Exercise 2: What objects in each landscape might viewers find to be symbolic?
Exercise 3: What evidence do you find in each landscape that the sites are real rather than imagined?
Pair 4: Jørn Utzon and Kunlé Adeyemi
Jørn Utzon
I. Architecture, like works of art, can have close ties to subject categories. Danish architect Jørn Utzon won the opportunity to design the Sydney Opera House through a competition. His design evokes the sails of boats on the harbor near which the opera house sits. When Utzon submitted his design, he was not completely sure how the design could be achieved in physical form, and he worked within a process he called additive architecture to build it.
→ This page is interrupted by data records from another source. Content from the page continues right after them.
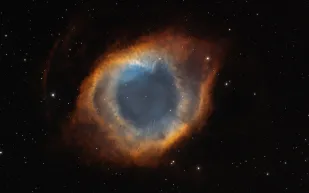 علماء يرصدون "عين ساورون" في مجرة تبعد مليارات السنين الضوئية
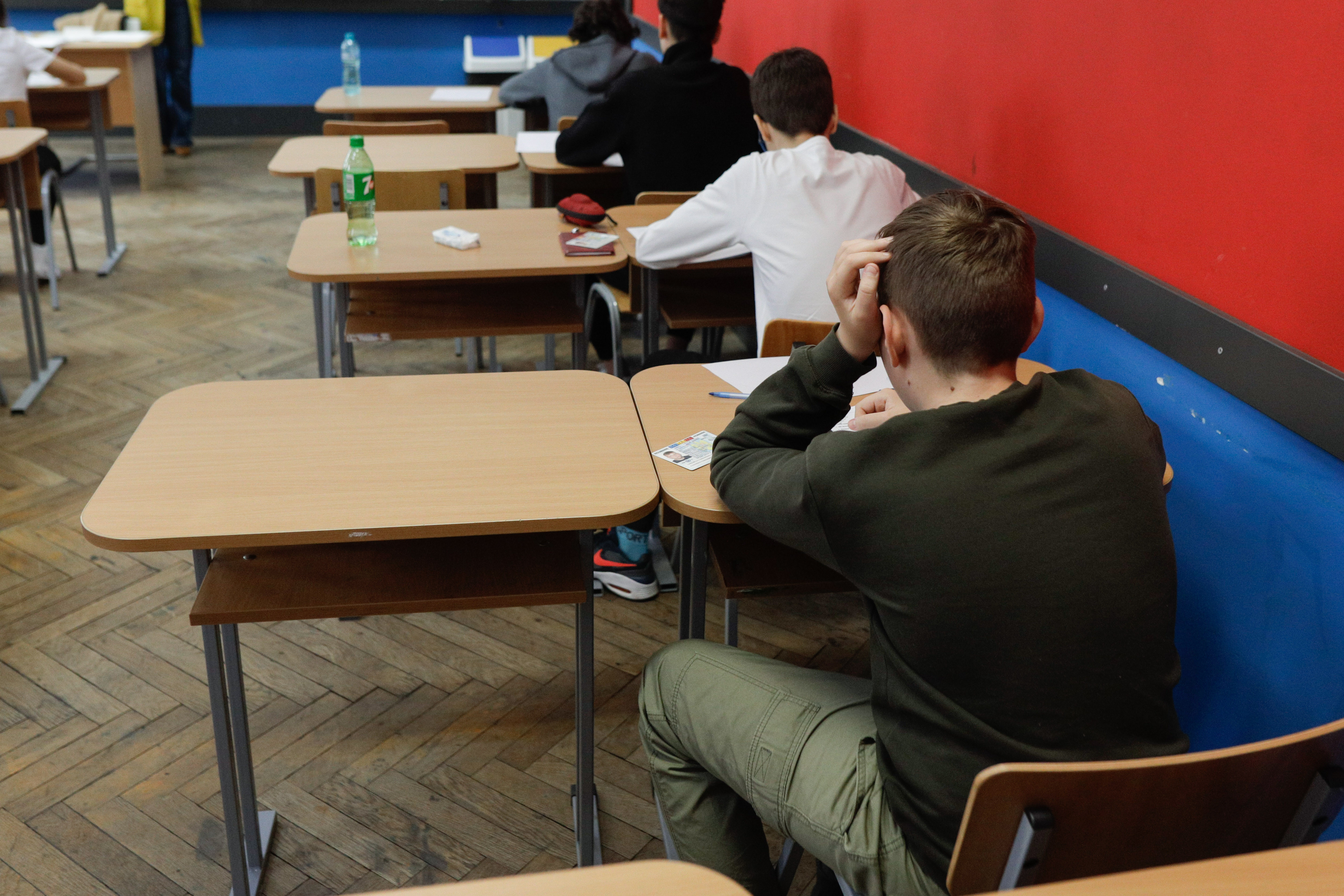 Descoperire neașteptată la Evaluarea Națională, după ce un elev cu nota 3,5 a făcut contestație. Ce notă avea, de fapt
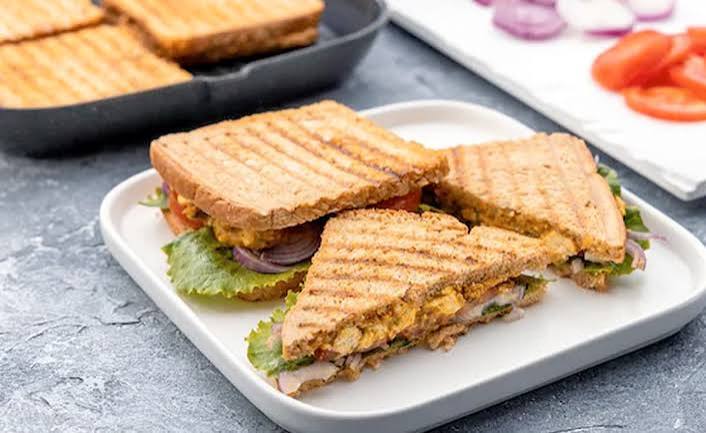 Paneer Tandoori Sandwich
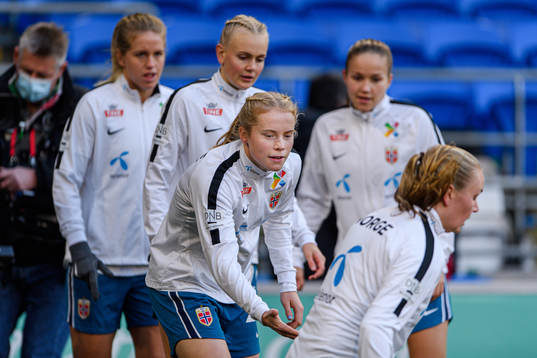Julie Blakstad and players of Norway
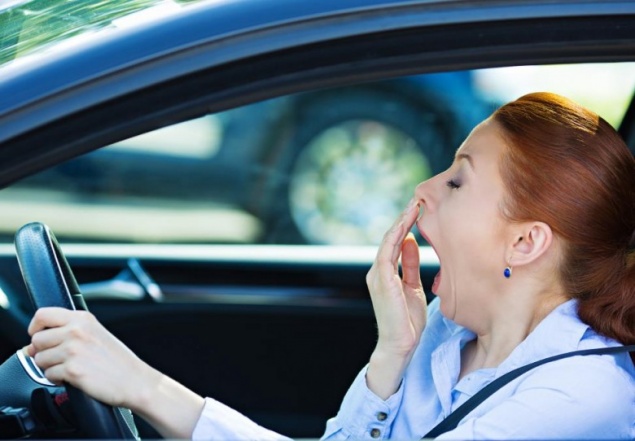 Каждый третий водитель в России хотя бы раз засыпал за рулем – результат опроса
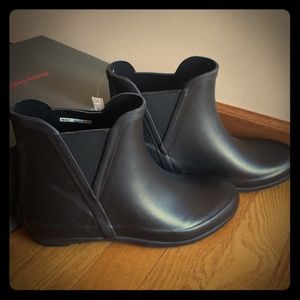 BNWT Black Henry Ferrera Rain Boots size 8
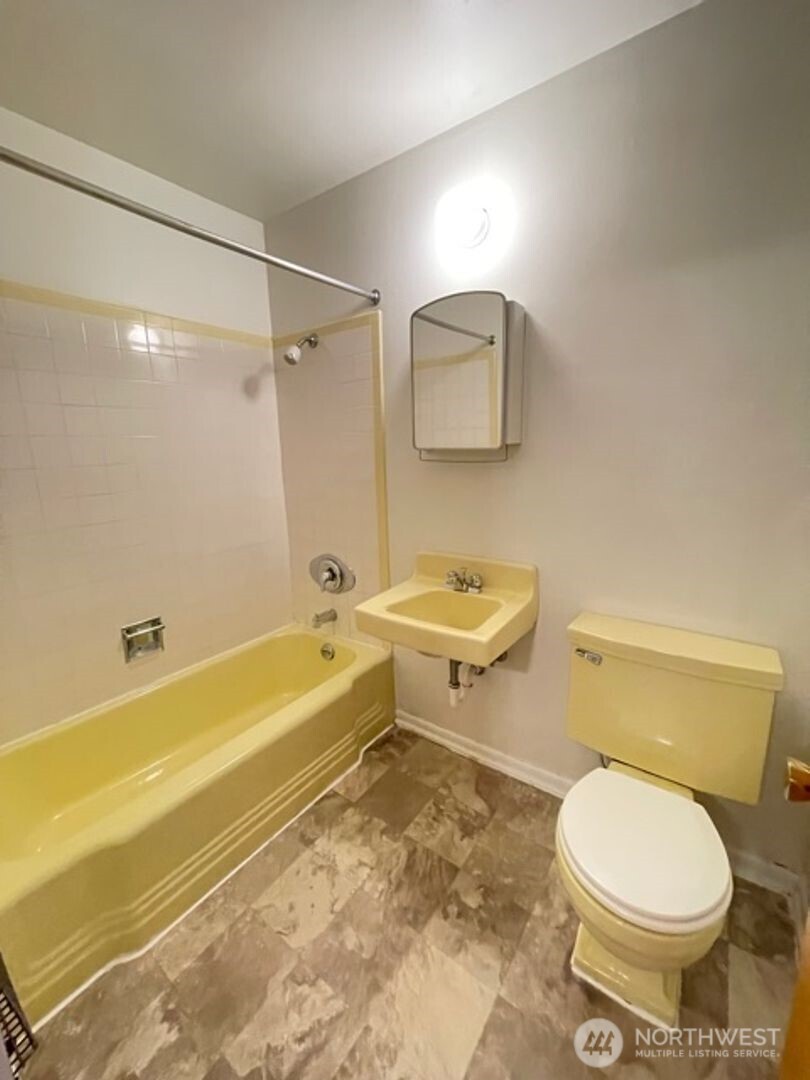 5127 Colby Avenue 3 Property Photo 8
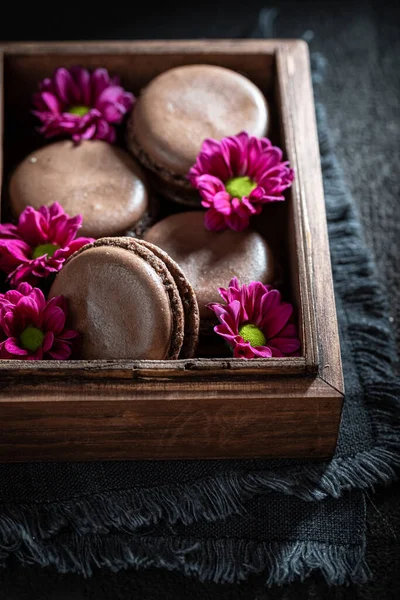 Gros Plan Macarons Chocolat Boîte Bois Avec Des Fleurs — Photo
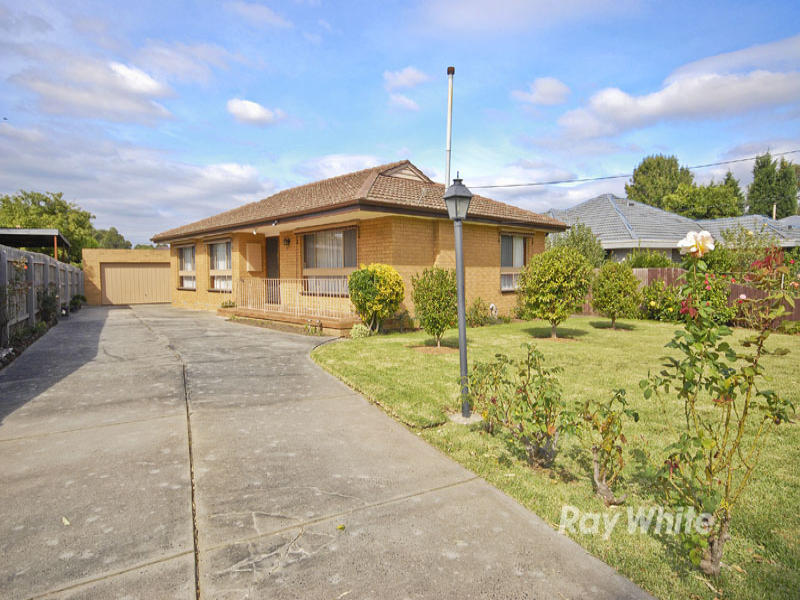 64 Grayson Drive, Scoresby, Vic 3179 Property Details
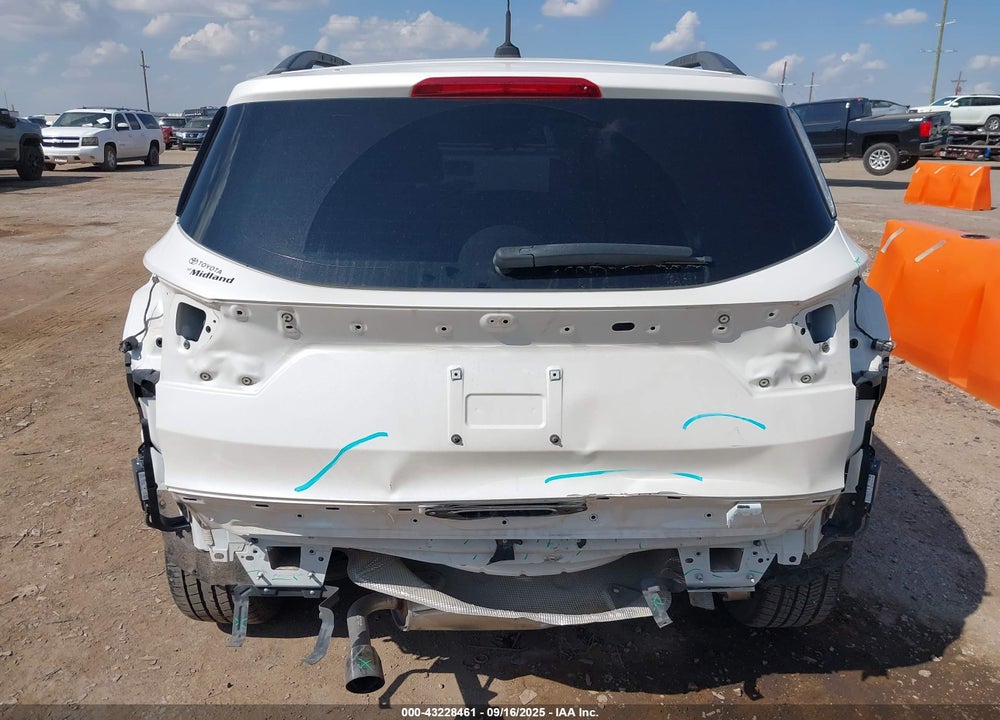 2017 FORD ESCAPE VIN: 1FMCU0GD8HUA15162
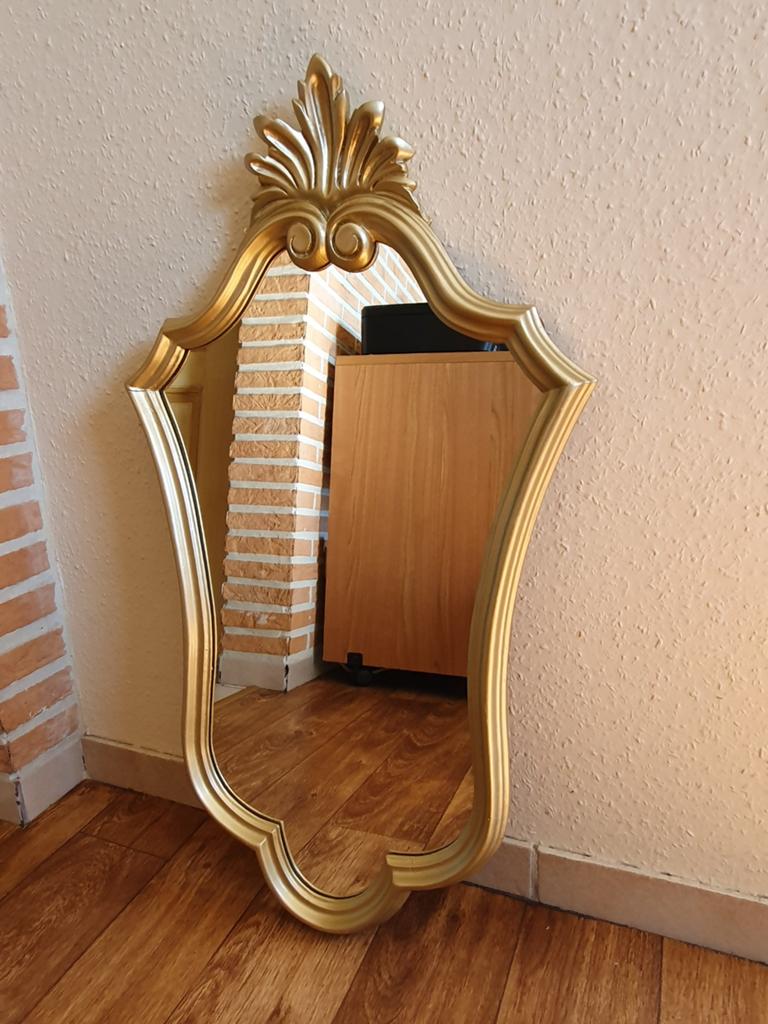 Miroir décoratif de couleur dorée, Enlèvement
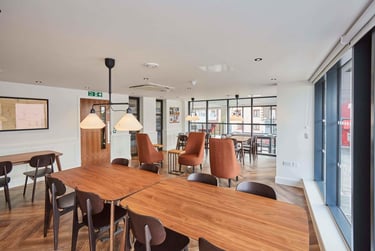 1 bed studio, Blackhorse Lane, Walthamstow, London, E176SX - Image 1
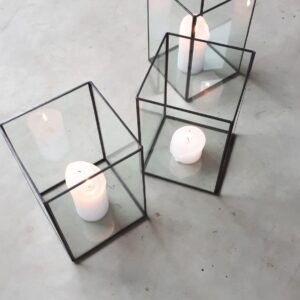 windlicht zwart decoratie huren bruiloft aankleding kaarsen windlichten zwart glas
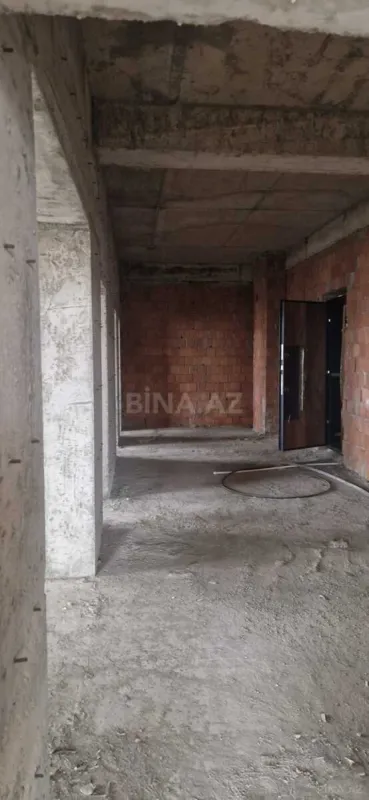 Satılır 3 otaqlı mənzil 102 m²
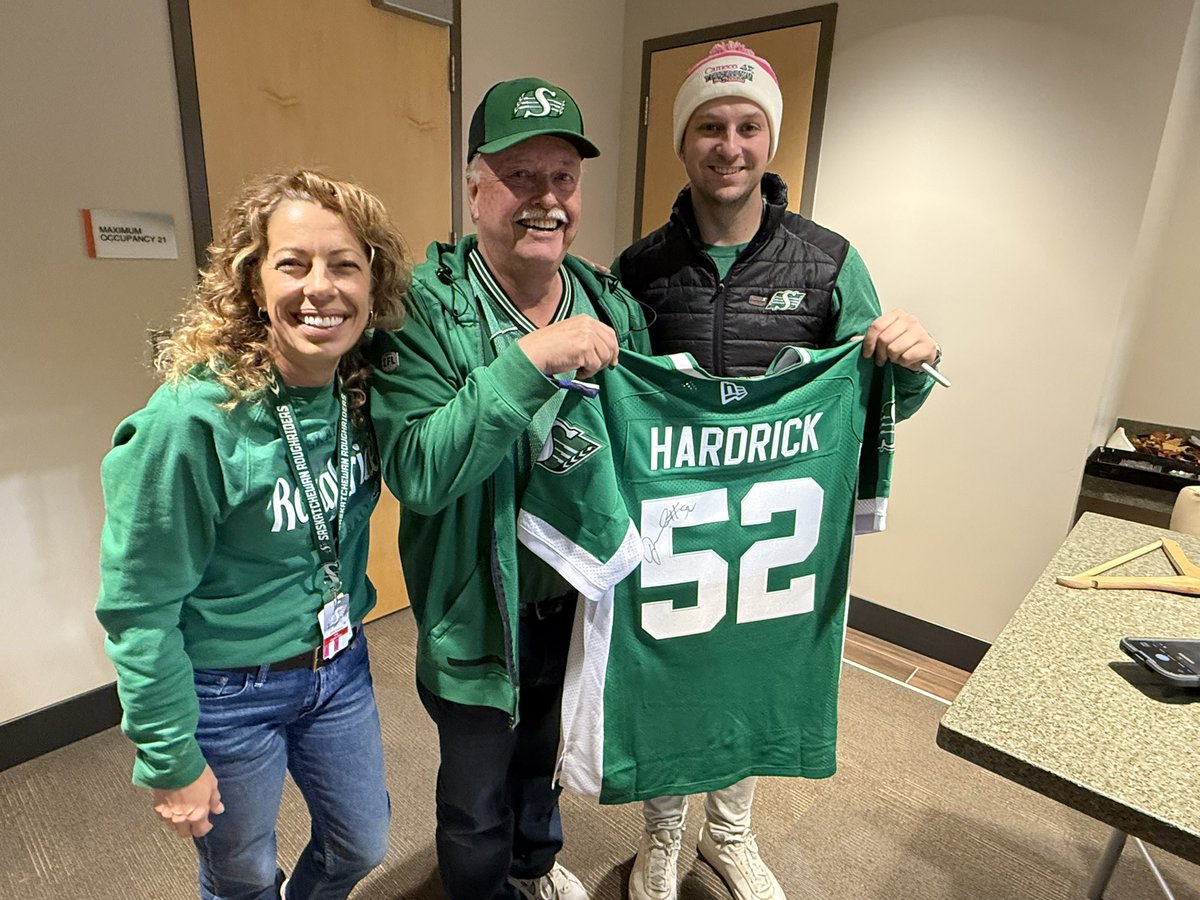wpizz's tweet image. Congratulations to all of our winners of this years @sskroughriders “Suite Deal”! The lucky winners were treated to a VIP experience complete with Western Pizza 🍕 and a lucky winner walked away with an autographed Jermarcus Hardrick Jersey #proudpartner #westernpizza #suitedeal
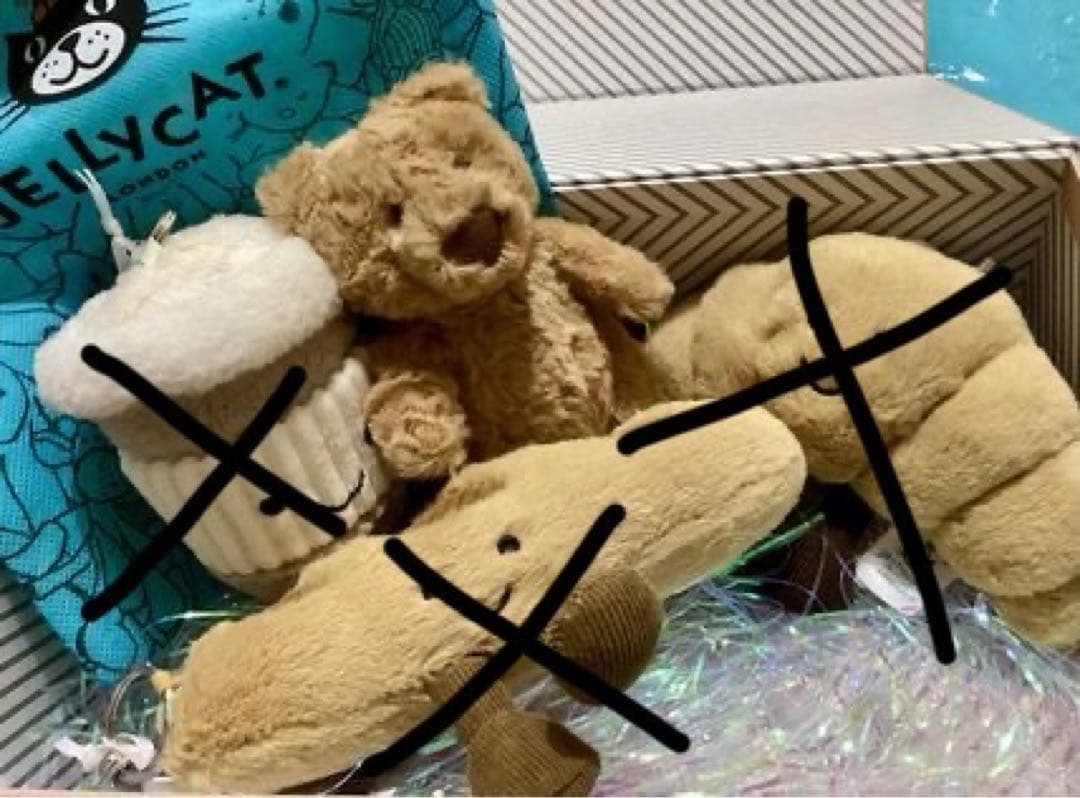 新品！　 クマ キーホルダー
Utzon defined additive architecture as an architectural practice that develops on the basis of growth patterns in both culture and nature.
Jørn Utzon
Sydney Opera House Sydney, Australia
1957-1973
Concrete and pink granite
II. To complete his design, Utzon worked with precast concrete: a construction material made by casting liquid concrete in molds which are then transported to a site to be used in the construction of buildings. In doing so, you might say that Utzon worked similar to a sculptor, building an form that evoked sailing ships while producing a building that had a practical function: an opera house.
Kunlé Adeyemi
I. Unlike Utzon’s design for the Sydney Opera House, Kunlé Adeyemi’s design for a floating school was not meant to be permanent. This Nigerian architect practices an approach to architecture called sustainable architecture: an architectural practice that seeks to minimize damage to the environment. For this project, Adeyemi considered building materials that were readily available so as not to demand an unnecessary toll upon the environment. Also, the materials could be reused or recycled at a later time. The Makoko Floating School in Lagos served the children who studied there for less than five years. But it is a design that can be repeated as often as needed.
Kunlé Adeyemi
Makoko Floating School Lagos, Nigeria
2013-2016
Bamboo, wood, and plastic barrels
II. Adeyemi’s design for a floating school emerged from his understanding of the environmental conditions of the urban environment of Lagos. Adeyemi’s sensitivity to the environment demonstrates his understanding of urbanism: the study of the physical needs of an urban society, especially how humans interact with built environments.
Pair 4
Analysis Exercises: Pair 4
Exercise 1: In what ways are these buidings by Utzon and Adeyami tied to the subject category of landscape?
Exercise 2: How did each architect use the element of line to create a dynamic visual experience for viewers of these buildings?
Exercise 3: How it is clear to you from observing these buildings that both architects had to be experts in different building materials in order to realize their designs?